En effet, plusieurs fédérations sportives françaises – notamment dans le football et le basket-ball – ont déjà banni le port de tenues religieuses de leurs compétitions. Des initiatives attaquées en justice par plusieurs associations, qui ont poussé le Conseil d’Etat à statuer, en juin 2023, en faveur des fédérations. Sans véritable cadre législatif, certains clubs se retrouvent donc aujourd’hui « démunis face à l’absence de normes strictes imposées par l’Etat », pointe la proposition de loi.

Le port du burkini interdit dans les piscines publiques

Concrètement, le premier article du texte vise donc à interdire le port de signes religieux dans les compétitions « organisées par les fédérations sportives et associations affiliées », qu’elles soient de niveau départemental, régional ou national. Lors de l’examen du texte en commission, en juin dernier, juste avant la dissolution, l’interdiction a par ailleurs été élargie au port de tenues et signes « manifestant ostensiblement une appartenance politique ».

Dans un second temps, la proposition de loi envisage également d’interdire le détournement de l’usage des équipements sportifs à des fins religieuses. « Nous constatons de plus en plus de demandes de salles de prières pour pratiquer en même temps qu’un rassemblement sportif. Cela mêle pratique religieuse et sport, ce qui paraît tout à fait contraire à nos principes », explique le texte de la proposition de loi. En commission, les sénateurs ont également introduit dans le texte la possibilité pour les préfets de suspendre l’agrément des associations sportives qui ne respecteraient pas ces règles.

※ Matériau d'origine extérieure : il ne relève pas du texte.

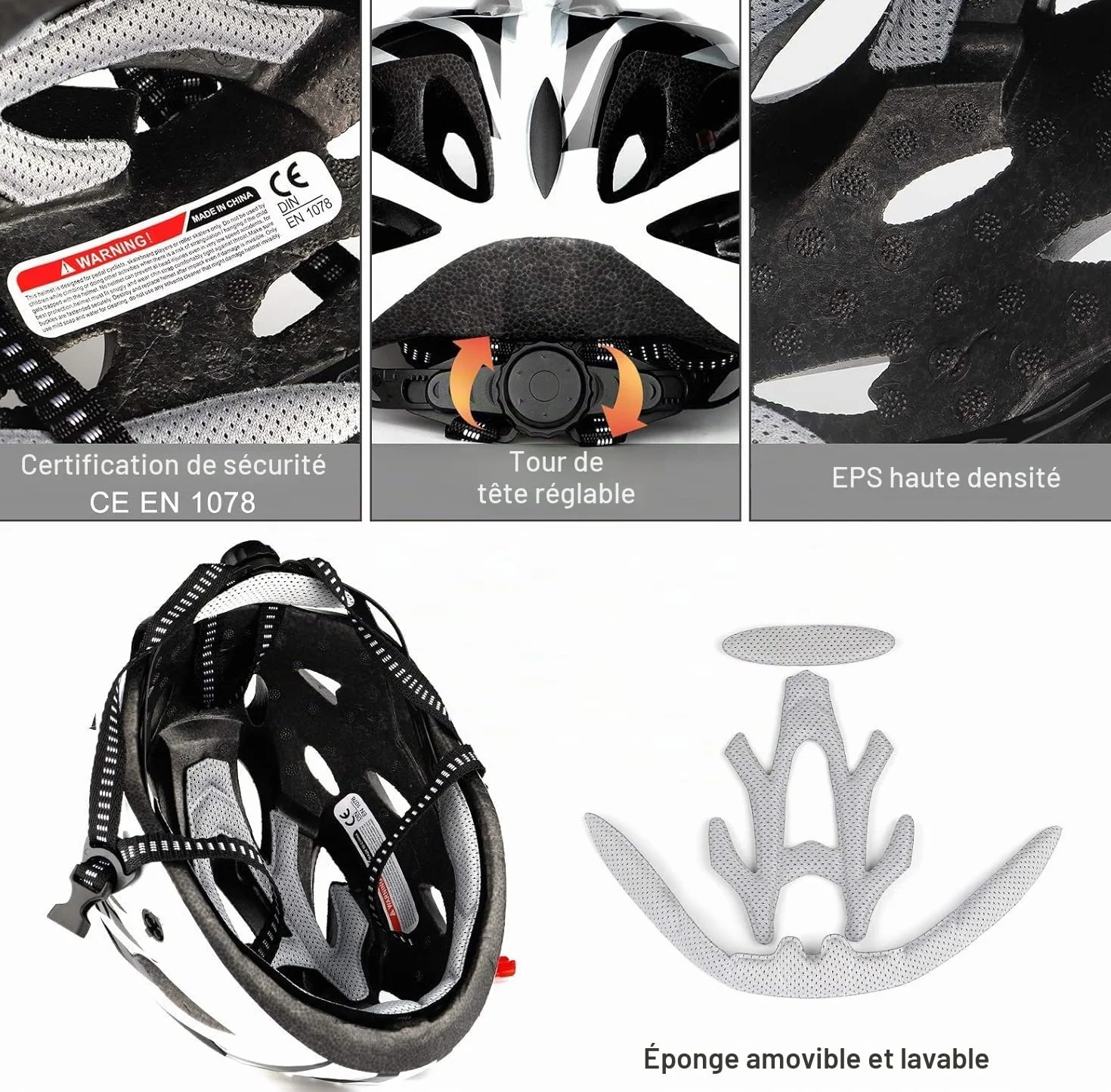 Casque de vélo pour Adulte Homme Femme - Corps EPS + Coque en Polycarbonate - Casque de VTT avec visière et Rembourrage Amovibles - Casque de vélo réglable 58-61 cm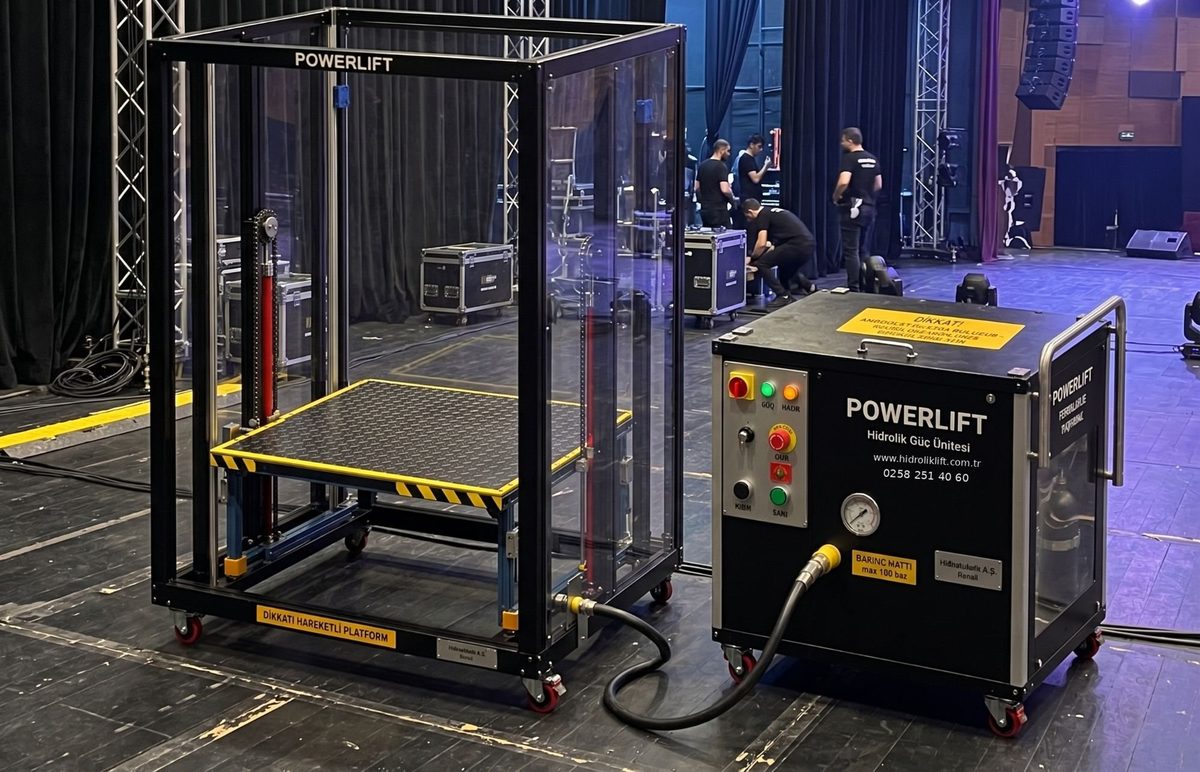 Sahne arkasında kurulu Powerlift pop-up lift ve hidrolik güç ünitesi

Enfin, la proposition de loi vise aussi à « prévoir dans la loi le respect de la laïcité dans les règlements d’utilisation des piscines publiques ». Là encore, l’idée est d’interdire le port de tenues à caractère religieux. À l’inverse du premier article qui ne mentionne aucun vêtement spécifique, l’exposé des motifs de cette troisième mesure fait explicitement référence au « burkini ». En commission, les sénateurs ont également fait interdire les « adaptations susceptibles de nuire au bon fonctionnement du service ou de porter atteinte à l’ordre public ». Une disposition qui vise notamment à empêcher l’aménagement de créneaux horaires exclusivement réservés aux femmes dans les piscines municipales.

La laïcité « dénaturée pour interdire à des jeunes femmes la pratique sportive »

L’examen de la proposition de loi, initialement prévu le 10 juin dernier mais balayé par la dissolution survenue la veille, promet des débats houleux entre la droite et la gauche de l’hémicycle. Les attaques ont d’ailleurs déjà commencé. Dans une tribune parue fin janvier dans Libération, la sénatrice socialiste Corinne Narassiguin dénonce des « pratiques d’exclusion » et « un climat d’acharnement à l’égard des femmes voilées ».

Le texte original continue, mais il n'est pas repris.